With kind attention,
Why does a man climb mountains? Or a woman, for that matter? Or a goat? Well, I guess for a goat it’s a question of delicious alpine shrubbery. For us humans, however, it is for those ephemeral feelings of conquest and triumph. Animals have no souls, Kevin, and the soulless are impervious to these sorts of things. Also they are idiots. But this, Kevin, this ability to feel glorious, is what separates us—men and women—from the beasts (e.g., the goat, the lynx, the otter, the fox, etc.).
When you win a game of SpiSo, Kevin, there are fireworks. “You win!” the computer admits, and then passive-aggressively attempts to engage you in another match. Remember Deep Blue? Like Kasparov, you seek an essential victory of man over machine. Do you want robots to take over the world? No. No one does, Kevin, because it would be totally fucked up and impossible to get a decent cup of coffee.
I won’t say it is our duty to the human race to engage these computer simulations of card games… Oh, all right, I will. Goddammit, Kevin! If we don’t take these things on, and thrash them at least 52 percent of the time, who will? When a robot is making sweet love to your wife on the kitchen floor, and you are made to watch from a cage made of lasers with only Sanka to drink, what then? Nothing then, Kevin. For those will be the last, dark days of humankind as we know it.
Are you with me? Are you ready? Ah, but I say it as though you have a choice! One does not choose to become a SpiSo champion. The game chooses you. And chosen you, it has.
Your mentorship, Kevin, has already begun.

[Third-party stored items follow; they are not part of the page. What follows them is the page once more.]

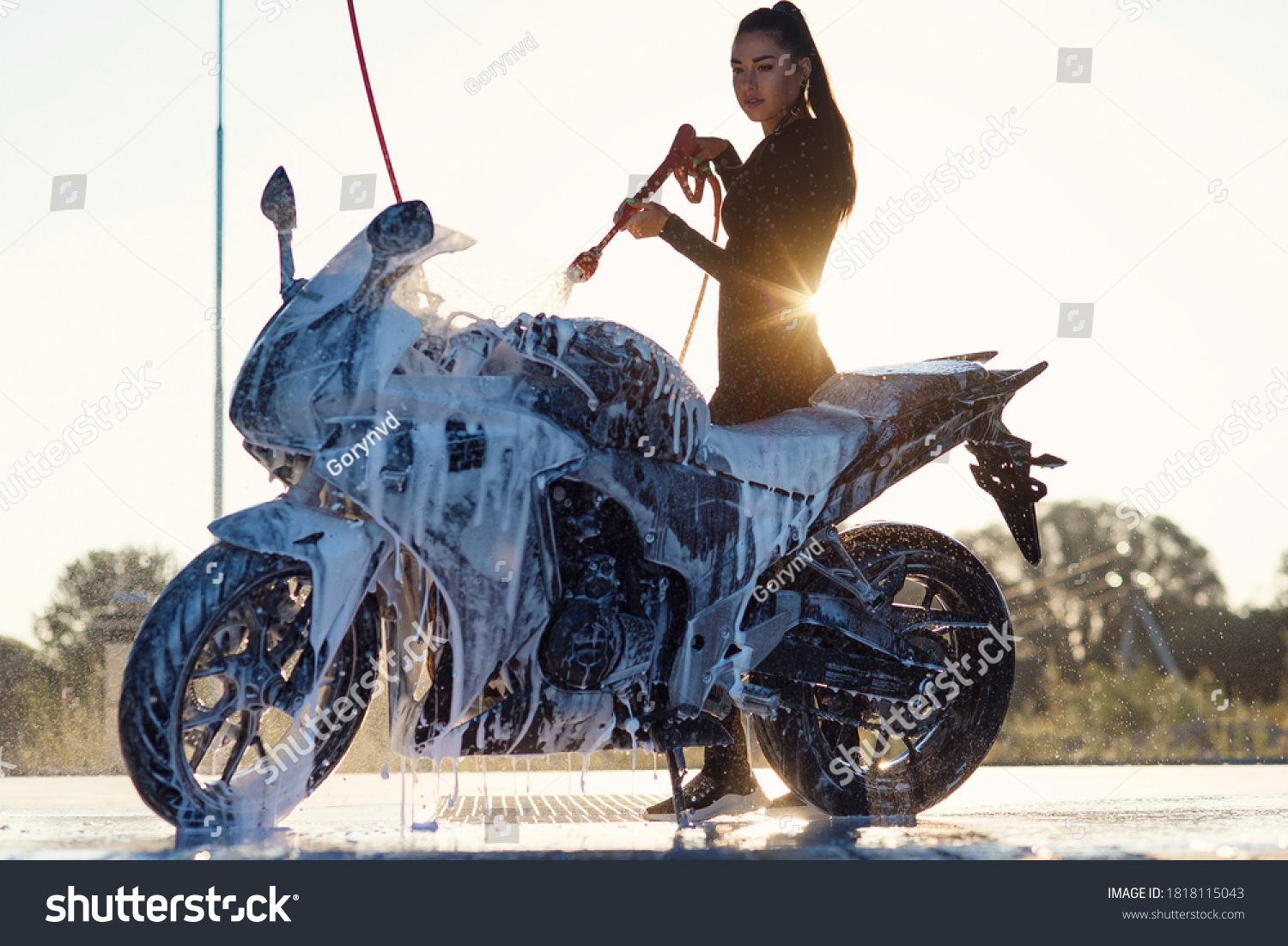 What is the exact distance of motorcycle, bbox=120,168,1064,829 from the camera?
254 cm

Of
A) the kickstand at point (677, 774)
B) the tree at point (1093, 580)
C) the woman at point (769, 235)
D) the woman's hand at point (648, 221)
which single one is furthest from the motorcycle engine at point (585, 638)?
the tree at point (1093, 580)

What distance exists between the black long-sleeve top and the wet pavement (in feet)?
3.96

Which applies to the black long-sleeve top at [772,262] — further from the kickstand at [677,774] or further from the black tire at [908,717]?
the kickstand at [677,774]

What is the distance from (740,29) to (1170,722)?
906 cm

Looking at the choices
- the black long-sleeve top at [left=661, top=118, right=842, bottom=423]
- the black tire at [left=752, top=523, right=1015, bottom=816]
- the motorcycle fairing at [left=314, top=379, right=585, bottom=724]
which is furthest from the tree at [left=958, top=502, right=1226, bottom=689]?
the motorcycle fairing at [left=314, top=379, right=585, bottom=724]

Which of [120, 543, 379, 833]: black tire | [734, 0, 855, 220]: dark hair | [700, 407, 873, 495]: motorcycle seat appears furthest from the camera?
[734, 0, 855, 220]: dark hair

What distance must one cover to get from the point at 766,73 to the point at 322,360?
1721mm

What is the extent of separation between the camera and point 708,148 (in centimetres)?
361

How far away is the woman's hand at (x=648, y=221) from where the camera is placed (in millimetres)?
3281

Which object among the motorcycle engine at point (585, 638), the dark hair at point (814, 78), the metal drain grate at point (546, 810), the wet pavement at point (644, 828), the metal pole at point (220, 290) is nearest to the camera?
the wet pavement at point (644, 828)

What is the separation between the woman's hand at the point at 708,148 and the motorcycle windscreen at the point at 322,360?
1.20m

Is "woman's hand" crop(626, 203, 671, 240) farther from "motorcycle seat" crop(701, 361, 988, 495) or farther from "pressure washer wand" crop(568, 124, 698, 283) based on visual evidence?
"motorcycle seat" crop(701, 361, 988, 495)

Yes! Oh yes, Pasha Malla, I am with you! You are so right, and I hate Sanka, and I don’t want to be in a laser cage, and I do so want to be separated from the goats, the lynxes, the otters, the foxes of this world (especially the goats), and I do see that a minimum of 50-percent victory over the machines of our ingenuity (note that I remain modest) is the least one can expect in order to maintain one’s pride, and I await your wisdom like an open flower awaits the wise, pollinating bee or hummingbird.